- A reunião de emergência do Conselho de Segurança da ONU ocorreu nesta segunda-feira, 5, para discutir a operação militar dos EUA na Venezuela e a captura de Nicolás Maduro.
- China, Rússia e aliados tradicionais dos EUA criticaram a intervenção e questionaram o retorno a uma era de maior interferência, discutindo a legitimidade das ações.
- O embaixador da Venezuela, Samuel Moncada, acusou os EUA de violar a Carta das Nações Unidas e pediu imunidades para Maduro e para a primeira-dama, além de sua libertação e retorno ao país.

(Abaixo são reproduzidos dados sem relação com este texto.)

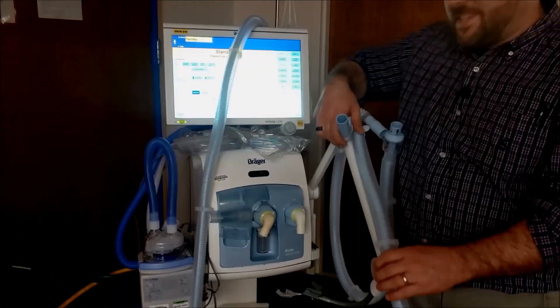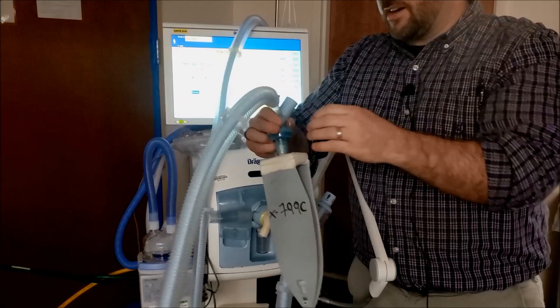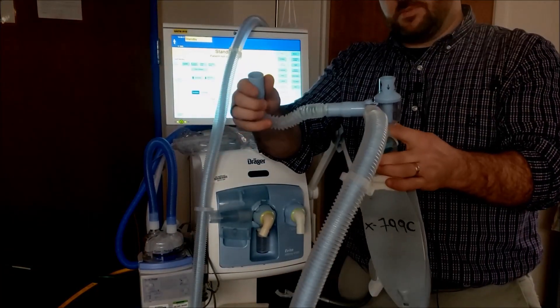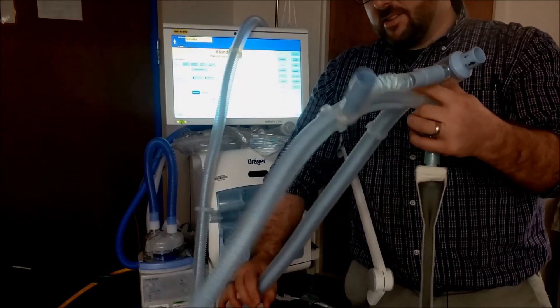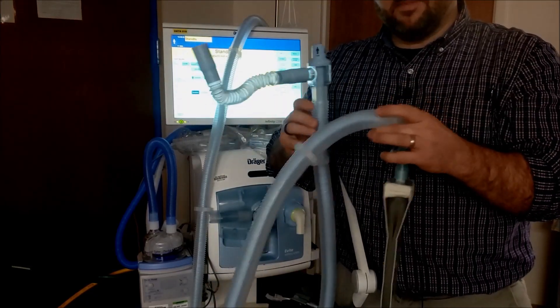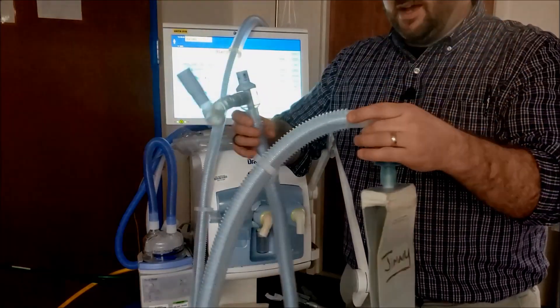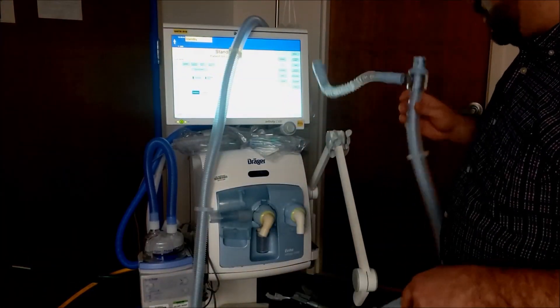I'm going to show you how to set this thing up. First thing you need is two vent circuits. These are Draeger coaxial vent circuits. They're pretty cool because you have inspiratory and expiratory. Inspiratory actually goes down the center to the patient. Expiratory comes on the outside and goes to this part right here. They work really well with HMEs and don't have a lot of extra bulk, since they're all packed into one. So that's the first aspect — we have two of those.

- O embaixador do Brasil destacou que “fins não justificam os meios” e defendeu que o futuro da Venezuela seja decidido pelos venezuelanos, conforme o direito internacional.
- França, Reino Unido e Dinamarca defenderam a ordem internacional e o respeito ao direito, enquanto os EUA defendem a ação como aplicação da lei; o secretário-geral da ONU manifestou preocupação com o precedente criado.
A reunião de emergência do Conselho de Segurança da ONU ocorreu nesta segunda-feira para debater a intervenção militar dos EUA na Venezuela, anunciada após a captura de Nicolás Maduro. O ataque e a detenção, ocorridos no fim de semana, geraram críticas internacionais.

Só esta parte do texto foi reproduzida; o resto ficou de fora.